### MATERIAL TO PROCESS
========

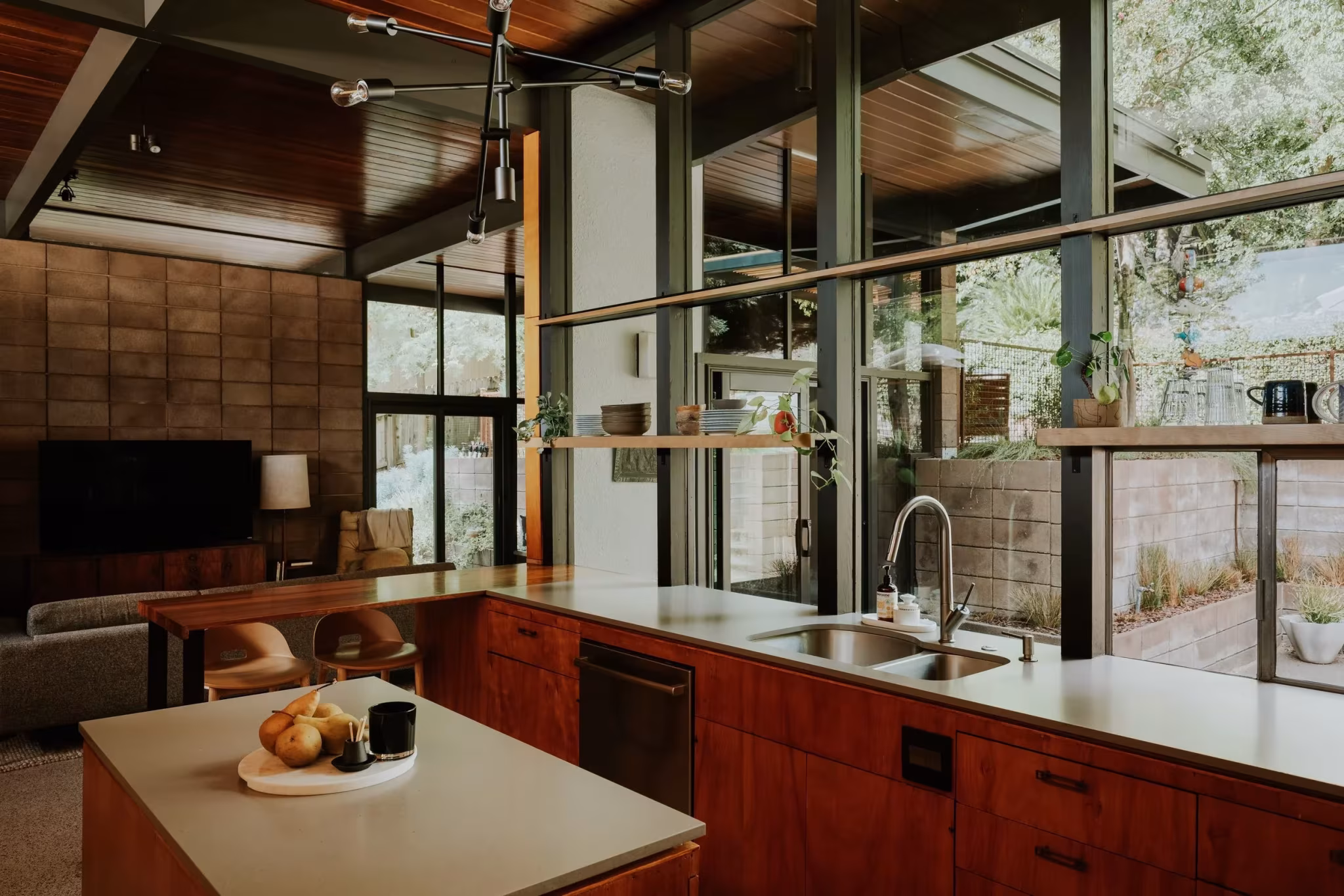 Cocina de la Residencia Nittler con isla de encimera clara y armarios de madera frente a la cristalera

========

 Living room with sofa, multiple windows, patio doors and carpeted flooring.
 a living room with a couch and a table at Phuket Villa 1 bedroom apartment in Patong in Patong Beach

========

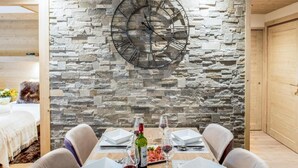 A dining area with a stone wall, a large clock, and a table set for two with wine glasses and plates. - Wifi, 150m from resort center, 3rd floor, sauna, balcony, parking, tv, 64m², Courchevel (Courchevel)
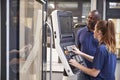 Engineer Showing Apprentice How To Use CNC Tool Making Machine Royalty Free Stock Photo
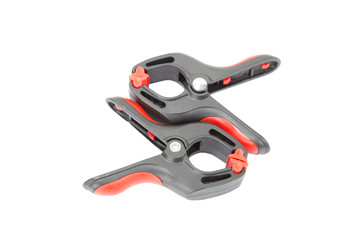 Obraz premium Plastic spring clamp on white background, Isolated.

========

### WHAT IS REQUIRED
Could the stretch from the line with "Engineer Showing Apprentice" through the line with "Obraz premium Plastic" in the listing above be restated word for word, minus the pictures?

### WRITTEN ANSWER
 Engineer Showing Apprentice How To Use CNC Tool Making Machine Royalty Free Stock Photo
 Obraz premium Plastic spring clamp on white background, Isolated.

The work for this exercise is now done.